By default, an OCR object can use several CPU cores (the option "Main/ NumKernels"), so every image can be processed faster on a multi-core CPU. However, as some OCR algorithms cannot be parallelized, the CPU will not be utilized completely. If you have many images and need to process them as fast as possible, the best way is to process several images at once, using one thread per image. In this case, you should do the following:

  1. Initialize the library: Engine_Initialize.
  2. Create a CFG object and load the configuration file: Cfg_Create, Cfg_LoadOptions.
  3. Call the Cfg_SetOption function to setthe option "Main/NumKernels" to "1", in order to force each OCR object to use only one thread during the OCR process. In case of a .NET language, also make sure that your .NET application has "[MTAThread]" option to allow correctly using the NSOCR COM object from multiple threads.
  4. Create several threads in your application, ideally as many as the number of CPU cores.
  5. In every thread, create an OCR object: Ocr_Create.
  6. In every thread, create an IMG object: Img_Create.
  7. In every thread, load an image for OCR: Img_LoadFile (or different function).
  8. In every thread, create one or more BLK objects to define areas for OCR: Img_AddBlock. (Skip this step if you want to perform auto-zoning for entire image and create BLK objects automatically.)
  9. In every thread, call the Img_OCR function to perform OCR, and then get results by using the Img_GetImgText function (or a different function).
  10. In every thread, go to step 5 to load the next image.
  11. Release all created objects and uninitialize the library: Img_Destroy, Ocr_Destroy, Cfg_Destroy, Engine_Uninitialize.

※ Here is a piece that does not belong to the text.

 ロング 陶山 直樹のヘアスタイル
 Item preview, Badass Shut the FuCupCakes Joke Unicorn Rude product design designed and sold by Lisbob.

In this scenario, the objects hierarchy looks like this:

Hierarchy

Note: This approach requires more memory as several images are processed at the same time. You can get the ERROR_NOMEMORY error if NSOCR cannot allocate enough memory when simultaneously processing many big images (especially in x86 applications).

Tips for developers:

  • When using the NSOCR library as a COM object, do not create several instances of NSOCRLib. Only one instance of the NSOCR library can be created.
  • Do not initialize NSOCR multiple times. Initialization of the library must be performed only once during your application life, do not initialize it before every image. In other words, make sure you call the "Engine_Initialize" function only once, even if you process a lot of images, use multiple threads, etc.
  • Do not create several CFG objects if you do not need them. Even if you create multiple OCR objects, you can specify the same CFG object for them. Several CFG objects are necessary only if you need to have different settings for different OCR objects.
  • Do not create several OCR objects if your application has only one thread. Multiple OCR objects are necessary only if you need to process multiple images at once. If you process images one by one, you do not need to create multiple OCR objects; create one OCR object and use it for all images.
  • Do not create multiple IMG objects if you have only one OCR object and do not need to have several images loaded.
  • Do not forget to release objects. Every XXX_Create function returns an object handle, which is an integer. When you create the first object, the handle will be 1; then the XXX_Create function will return 2, etc. There is a simple way to check if you have forgotten to release the objects: Just check the object handles while your application is working. Too high values (say, more than 100) mean that you need to check the code. Otherwise the number of objects will continue to grow, and after a while you will get the ERROR_TOOMANYOBJECTS error.